Vierde middel, ontleend aan schending van verzoeksters gewettigd vertrouwen en het rechtszekerheidsbeginsel

Verzoekster voert in dit verband aan dat de Commissie met de afwijzing van haar verzoek om vertrouwelijke behandeling en de beslissing om de uitgebreide versie van de beschikking openbaar te maken, het beginsel van de bescherming van gewettigd vertrouwen heeft geschonden. Verzoekster heeft sinds de indiening van haar clementieverzoek op de vertrouwelijkheid van de toegezonden informatie vertrouwd. Dit vertrouwen baseert zij op de mededelingen inzake clementie en de vaste praktijk van de Commissie en zij meent dat dit vertrouwen beschermenswaardig is. Bovendien volgt een schending van het beginsel van bescherming van gewettigd vertrouwen uit het feit dat de Commissie reeds in 2007 een definitieve niet-vertrouwelijke versie van de beschikking openbaar heeft gemaakt en daarin de verzoeken om schrapping van verzoekster heeft gehonoreerd. Verzoekster voert aan dat er voor wijziging van deze beschikking achteraf geen rechtsgrondslag bestaat en dat daarvoor ook geen objectieve gronden zijn.

5)

Vijfde middel, ontleend aan schending van de plicht tot beperking van het doel

Verzoekster voert in het kader van dit middel aan dat het gebruik van de door clementieaanvragers aangeleverde informatie om het publiek voor te lichten in strijd is met de in artikel 28, lid 1, van verordening nr. 1/2003 en punt 48 van de mededeling van de Commissie inzake toegang tot het dossier (5) voorziene beperking van het doel van deze informatie. Dit geldt met name wanneer deze informatie meer dan zes jaar na afsluiting van de administratieve procedure wordt gebruikt.

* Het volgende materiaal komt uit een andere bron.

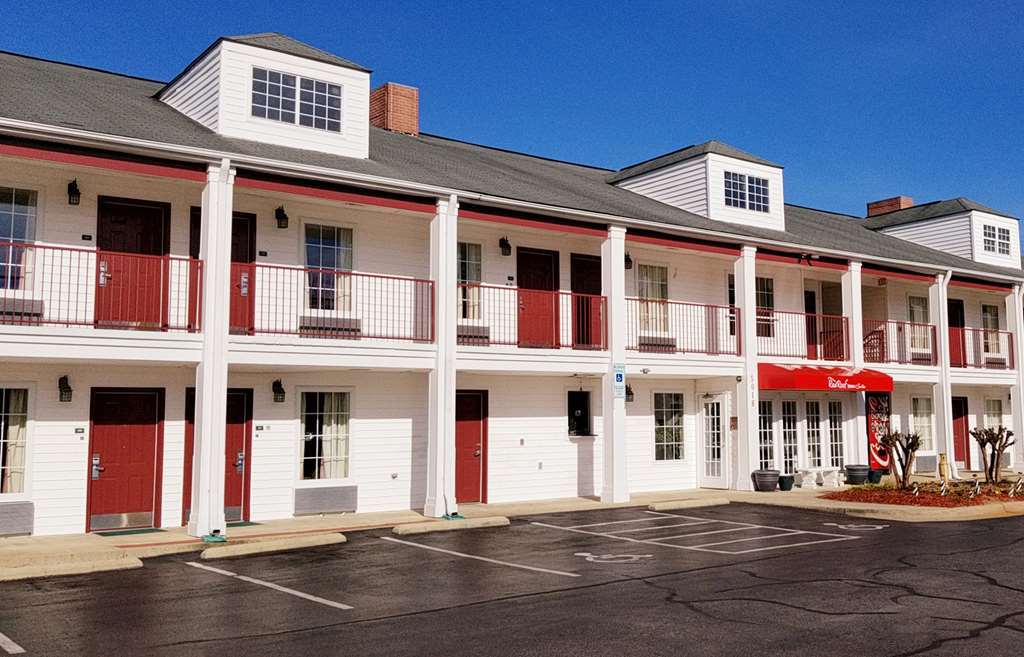 Red Roof Inn & Suites Уилсон Экстерьер фото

(1)  Besluit 2011/695/EU van de voorzitter van de Europese Commissie van 13 oktober 2011 betreffende de functie en het mandaat van de raadadviseur-auditeur in bepaalde mededingingsprocedures (PB L 275, blz. 29).

(2)  Verordening (EG) nr. 1049/2001 van het Europees Parlement en de Raad van 30 mei 2001 inzake de toegang van het publiek tot documenten van het Europees Parlement, de Raad en de Commissie (PB L 145, blz. 43).

(3)  Verordening (EG) nr. 1/2003 van de Raad van 16 december 2002 betreffende de uitvoering van de mededingingsregels van de artikelen 81 [EG] en 82 [EG] (PB L 1, blz. 1).

(4)  Mededeling van de Commissie betreffende immuniteit tegen geldboeten en vermindering van geldboeten in kartelzaken (PB 2002, C 45, blz. 3).

(5)  Mededeling van de Commissie betreffende de regels voor toegang tot het dossier van de Commissie overeenkomstig de artikelen 81 [EG] en 82 [EG], de artikelen 53, 54 en 57 van de EER-Overeenkomst en verordening (EG) nr. 139/2004 van de Raad (PB 2005, C 325, blz. 7).